Tip: Participate in ongoing governance training tailored to your board’s sector and maturity level. Integrate shared learning moments into meetings. Revisiting the fundamentals of governance together aligns perspectives and builds unity.


Impact: Strengthen cohesion and mutual trust. A board that learns together acts with clarity, speaks with one voice, and makes stronger, more strategic decisions.


Pitfall 2: Focusing Meetings on Information Rather Than Strategic Reflection


Risk: Reducing the board to a passive information-receiving body. When most of the meeting time is spent listening to reports, discussions lose energy and strategic creativity fades.


Tip: Limit one-way presentations.
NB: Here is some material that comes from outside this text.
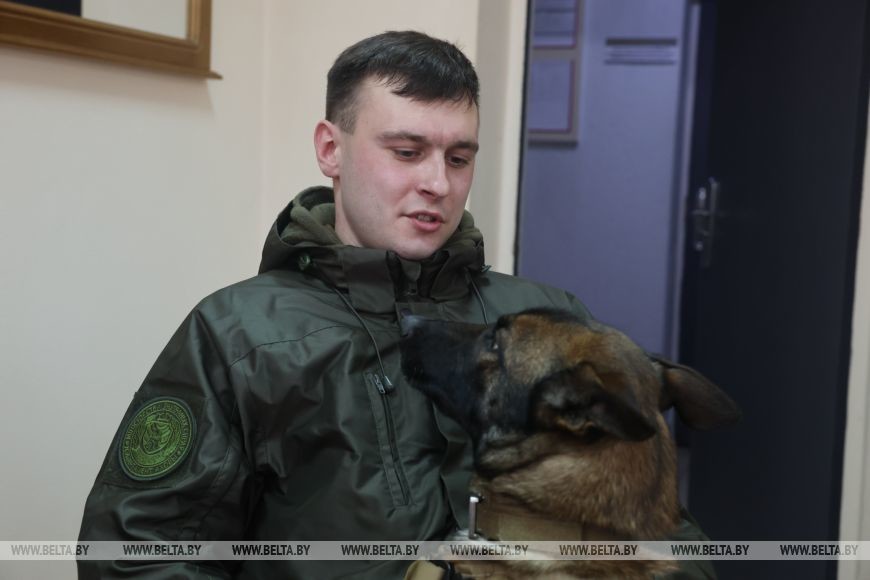 Как несут службу кинологи в Бобруйском отделе Департамента охраны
Encourage concise visual summaries and pre-read materials so meeting time can focus on reflection and decision-making.


Impact: Turn meetings into true spaces for shared intelligence, where mission and strategy take centre stage.


In Conclusion

Cultivating effectiveness also means cultivating trust. An effective board operates like a high-performing team: it prepares, communicates, and learns continuously.


So, if you want to spark meaningful change in your board, start with one action: pick a single tip or pitfall to work on. Watch how that small shift transforms your group dynamic.


Because it’s often in small adjustments that we see the biggest collective progress.